Google I/Oの事前予測記事の中でも紹介したが、当時のARTはパフォーマンスと互換性の両面で問題を抱えており、すべてのDalvik向けに書かれたコードがそのまま動作するわけではなかった。だが今回、Googleは主にパフォーマンス面でのDalvikに比べてのARTの優位性を前面に押しだしており、KitKat発表当時よりは大きく改善が進んでいる様子がうかがえる。またARTではガベージコレクション(GC)性能が格段に上昇している点も強くアピールしており、開発者が(アプリの一時的なパフォーマンス低下を招く) GCを特に意識せずとも利用できる点が強調されている。
ただし互換性部分はまだ問題があるようで、JNI (Java Native Interface)をはじめとする一部機能の動作が異なることで、既存のコードがそのままでは動作しないケースもあるという。特にARTで採用されたAOT (Ahead Of Time)コンパイラの性質により、Androidアプリはデバイスにインストールした時点で厳密なチェックが行われるため、互換性のないコードはそもそもデバイスでの実行を拒否されるようだ。"L"リリースのプレビュー版の紹介ページにも記述があるが、特に「JNIを使ってC/C++コードを呼び出すケース」「(クロスコンパイラなど)標準ではないコードを出力する開発ツールを用いた場合」「新しいGC動作に適合しないテクニックを用いた場合」の3つのケースを挙げている。
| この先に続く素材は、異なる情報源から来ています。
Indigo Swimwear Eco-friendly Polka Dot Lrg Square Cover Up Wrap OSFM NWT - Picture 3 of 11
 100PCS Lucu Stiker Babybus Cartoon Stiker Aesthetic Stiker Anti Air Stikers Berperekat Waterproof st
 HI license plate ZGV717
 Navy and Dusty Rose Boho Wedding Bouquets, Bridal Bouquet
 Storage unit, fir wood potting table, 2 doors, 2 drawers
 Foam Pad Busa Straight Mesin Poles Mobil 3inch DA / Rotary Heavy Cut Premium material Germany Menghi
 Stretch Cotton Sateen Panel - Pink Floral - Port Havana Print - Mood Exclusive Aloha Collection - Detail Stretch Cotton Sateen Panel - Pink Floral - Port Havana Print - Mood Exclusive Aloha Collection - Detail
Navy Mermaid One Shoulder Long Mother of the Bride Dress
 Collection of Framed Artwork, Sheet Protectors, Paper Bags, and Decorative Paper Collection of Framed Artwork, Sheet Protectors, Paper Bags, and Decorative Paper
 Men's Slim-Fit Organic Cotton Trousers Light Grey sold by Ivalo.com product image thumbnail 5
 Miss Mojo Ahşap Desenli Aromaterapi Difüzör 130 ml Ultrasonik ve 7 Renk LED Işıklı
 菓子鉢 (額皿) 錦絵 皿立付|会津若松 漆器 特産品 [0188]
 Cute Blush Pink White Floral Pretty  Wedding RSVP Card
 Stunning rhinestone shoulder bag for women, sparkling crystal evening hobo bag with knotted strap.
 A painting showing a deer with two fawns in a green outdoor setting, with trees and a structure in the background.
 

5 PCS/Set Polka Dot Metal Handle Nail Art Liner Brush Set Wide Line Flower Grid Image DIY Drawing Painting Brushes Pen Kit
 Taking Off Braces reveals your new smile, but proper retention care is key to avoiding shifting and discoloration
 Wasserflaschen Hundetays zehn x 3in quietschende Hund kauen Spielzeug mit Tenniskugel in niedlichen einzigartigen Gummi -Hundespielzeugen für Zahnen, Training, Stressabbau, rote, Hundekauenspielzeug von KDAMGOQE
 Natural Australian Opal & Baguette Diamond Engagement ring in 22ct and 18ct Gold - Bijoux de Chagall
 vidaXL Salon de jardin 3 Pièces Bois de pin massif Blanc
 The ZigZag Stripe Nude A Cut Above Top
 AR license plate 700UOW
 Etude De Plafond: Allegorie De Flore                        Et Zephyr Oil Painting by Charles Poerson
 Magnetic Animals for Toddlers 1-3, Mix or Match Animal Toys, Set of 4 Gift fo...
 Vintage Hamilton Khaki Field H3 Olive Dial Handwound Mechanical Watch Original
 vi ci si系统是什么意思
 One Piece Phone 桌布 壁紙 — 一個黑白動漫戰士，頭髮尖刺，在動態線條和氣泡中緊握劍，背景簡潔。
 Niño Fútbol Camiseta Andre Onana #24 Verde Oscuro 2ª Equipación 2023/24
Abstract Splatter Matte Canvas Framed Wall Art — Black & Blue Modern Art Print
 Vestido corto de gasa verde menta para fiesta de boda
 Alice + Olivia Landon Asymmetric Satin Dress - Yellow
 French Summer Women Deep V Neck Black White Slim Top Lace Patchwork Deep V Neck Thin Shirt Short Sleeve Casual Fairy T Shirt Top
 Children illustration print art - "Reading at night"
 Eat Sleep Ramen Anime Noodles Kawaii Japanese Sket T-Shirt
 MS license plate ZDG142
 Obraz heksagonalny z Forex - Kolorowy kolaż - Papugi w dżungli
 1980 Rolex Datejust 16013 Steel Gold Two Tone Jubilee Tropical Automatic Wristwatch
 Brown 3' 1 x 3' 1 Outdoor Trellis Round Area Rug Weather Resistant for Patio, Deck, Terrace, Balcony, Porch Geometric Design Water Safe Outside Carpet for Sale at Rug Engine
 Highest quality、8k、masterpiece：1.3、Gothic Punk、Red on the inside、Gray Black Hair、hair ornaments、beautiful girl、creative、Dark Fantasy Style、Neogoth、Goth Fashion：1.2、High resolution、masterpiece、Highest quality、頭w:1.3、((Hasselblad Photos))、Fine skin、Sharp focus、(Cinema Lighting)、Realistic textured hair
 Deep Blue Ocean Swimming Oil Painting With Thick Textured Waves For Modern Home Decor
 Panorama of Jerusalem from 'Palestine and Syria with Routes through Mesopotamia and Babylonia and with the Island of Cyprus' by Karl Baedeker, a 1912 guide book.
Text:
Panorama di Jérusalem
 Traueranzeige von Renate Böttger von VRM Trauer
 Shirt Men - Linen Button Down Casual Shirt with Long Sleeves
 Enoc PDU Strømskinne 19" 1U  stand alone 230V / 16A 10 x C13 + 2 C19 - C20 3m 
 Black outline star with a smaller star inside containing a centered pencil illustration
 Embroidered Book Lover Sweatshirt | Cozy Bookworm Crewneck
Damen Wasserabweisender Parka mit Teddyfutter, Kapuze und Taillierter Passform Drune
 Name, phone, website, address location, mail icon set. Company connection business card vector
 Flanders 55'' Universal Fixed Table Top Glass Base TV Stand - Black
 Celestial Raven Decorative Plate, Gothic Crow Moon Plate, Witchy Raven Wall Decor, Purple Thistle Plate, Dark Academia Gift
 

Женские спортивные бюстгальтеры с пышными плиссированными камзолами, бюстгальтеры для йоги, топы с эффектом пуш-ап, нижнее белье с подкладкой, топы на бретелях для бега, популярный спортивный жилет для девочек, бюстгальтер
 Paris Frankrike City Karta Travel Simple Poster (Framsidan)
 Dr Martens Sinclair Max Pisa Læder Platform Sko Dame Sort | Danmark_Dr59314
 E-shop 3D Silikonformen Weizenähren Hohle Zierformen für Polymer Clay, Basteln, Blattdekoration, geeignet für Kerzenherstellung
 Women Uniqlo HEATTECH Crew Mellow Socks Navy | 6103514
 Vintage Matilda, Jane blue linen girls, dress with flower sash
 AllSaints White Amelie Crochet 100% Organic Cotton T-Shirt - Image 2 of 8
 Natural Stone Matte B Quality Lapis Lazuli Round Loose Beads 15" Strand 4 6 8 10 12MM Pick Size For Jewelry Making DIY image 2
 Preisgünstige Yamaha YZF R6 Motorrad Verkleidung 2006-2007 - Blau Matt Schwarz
ARTのGCでは、GCのプロセスを走らせながらもメインのプロセスが並列動作して全体のパフォーマンスになるべく影響を与えないよう工夫が成されているなど、多くの点で改良が進められている。また現行バージョンには導入されていないものの、GC動作のコンパクト化がASOP (Android Open Source Project)で進められており、今後同機能の実装で相性の悪いテクニックがあり(オブジェクトフィールドへのポインタ保存など)、これらに留意するよう説明が行われている。